Ihr dürft euch nicht wundern, wenn ich von ätherischen Elementen spreche, die der Nahrung entnommen werden sollen. Eine Frucht zum Beispiel besteht aus festen, flüssigen, gasförmigen und ätherischen Stoffen. Jeder kennt die festen und die flüssigen Stoffe, aber nur wenige kümmern sich um die viel feineren Duftstoffe, die dem Bereich der Luft angehören. Die ätherische Seite jedoch, die mit den Farben der Frucht und vor allem mit ihrer Lebenskraft verbunden ist, wird vollkommen ignoriert und vernachlässigt. Doch gerade sie ist von größter Wichtigkeit, denn mit den ätherischen Teilchen der Nahrung nährt der Mensch seine feinstofflichen Körper.
Der Mensch besitzt nicht nur einen physischen, sondern noch andere, viel feinere Körper, die Sitz seiner psychischen und spirituellen Fähigkeiten sind (Äther-, Astral-, Mental-, Kausal-, Buddha- und Atmanleib).2 Deshalb stellt sich ihm die Frage, wie er diese feinstofflichen Körper, die durch seine Unwissenheit oft ohne Nahrung bleiben, ernähren soll. Er weiß ungefähr, was er seinem physischen Körper geben muss (ich sage: ungefähr, denn die meisten Menschen essen Fleisch und schädigen damit ihre physische und psychische Gesundheit), aber er ist unfähig, seine anderen Körper zu ernähren: den Ätherleib (oder Vitalkörper), den Astralleib (Sitz der Gefühle und Empfindungen), den Mentalleib (Sitz des Intellekts) und noch viel weniger die anderen höheren Körper.

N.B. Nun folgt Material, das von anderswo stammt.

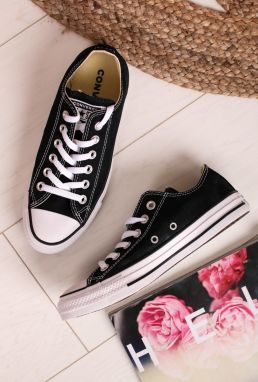 Dámske čierne nízke tenisky Chuck Taylor All Star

Wenn ich euch empfehle, die Nahrung gut zu kauen, so bezieht sich dies hauptsächlich auf den physischen Körper. Für den Ätherleib muss man die Atmung hinzufügen. Genau wie die Luft die Flamme entfacht – ihr wisst, dass man blasen muss, um ein Feuer wieder aufflammen zu lassen – ebenso fördern tiefe Atemzüge während der Mahlzeit die Verbrennung. Die Verdauung ist nichts anderes als eine Verbrennung, genau wie das Atmen und das Denken.

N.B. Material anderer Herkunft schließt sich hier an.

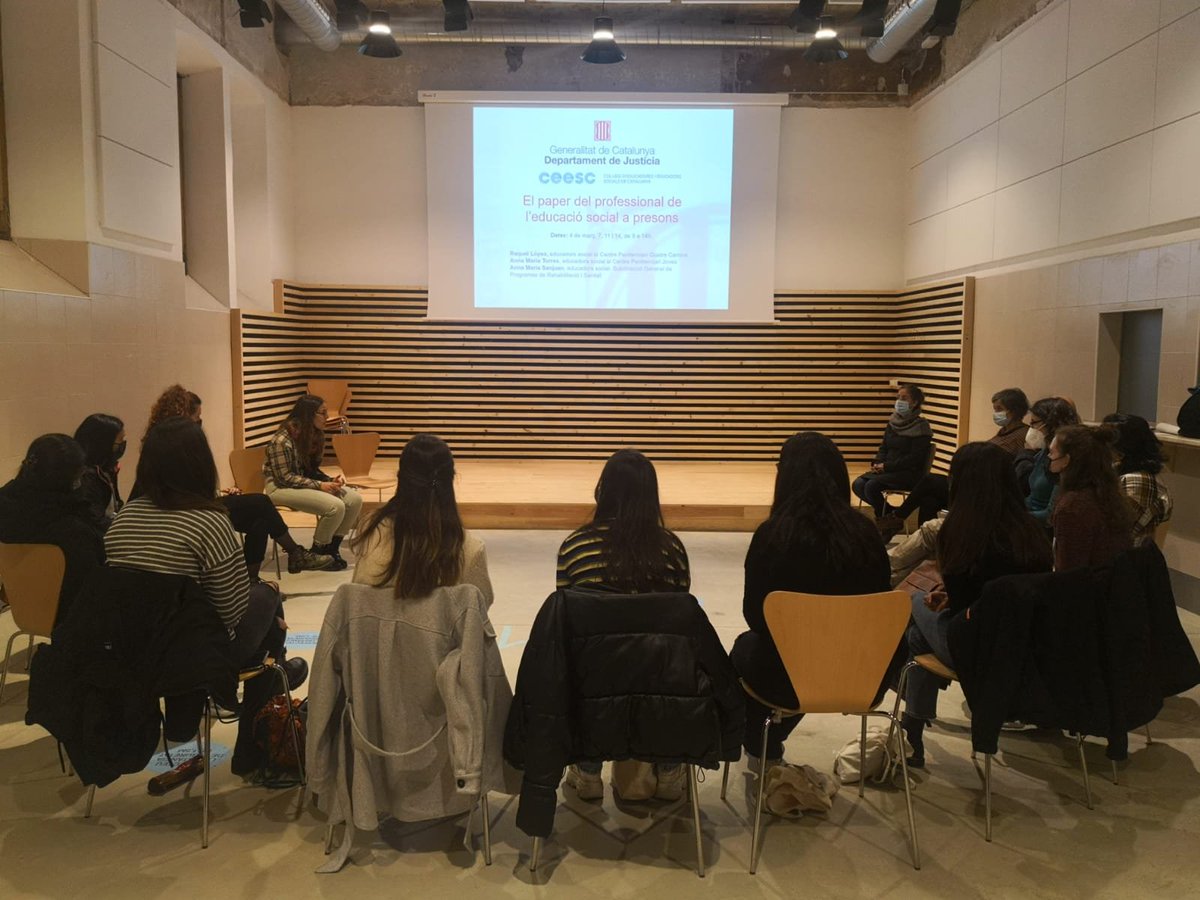 Avui hem começat el curs "El paper del professional de l’#EducacióSocial a #presons"

Què podem fer i volem ser com a educadors/ores socials tant en relació amb les persones privades de llibertat com cap a la institució i l’encàrrec social que tenim a les nostres mans?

Der Unterschied liegt nur im Wärmegrad und in der Reinheit der Materie. Ihr sollt also beim Essen von Zeit zu Zeit innehalten und tief atmen, damit der Ätherleib durch diese Verbrennung der Nahrung die feineren Teilchen entnehmen kann. Da der Ätherleib Träger der Vitalität, des Gedächtnisses und der Empfindsamkeit ist, werdet ihr von seiner guten Entwicklung profitieren.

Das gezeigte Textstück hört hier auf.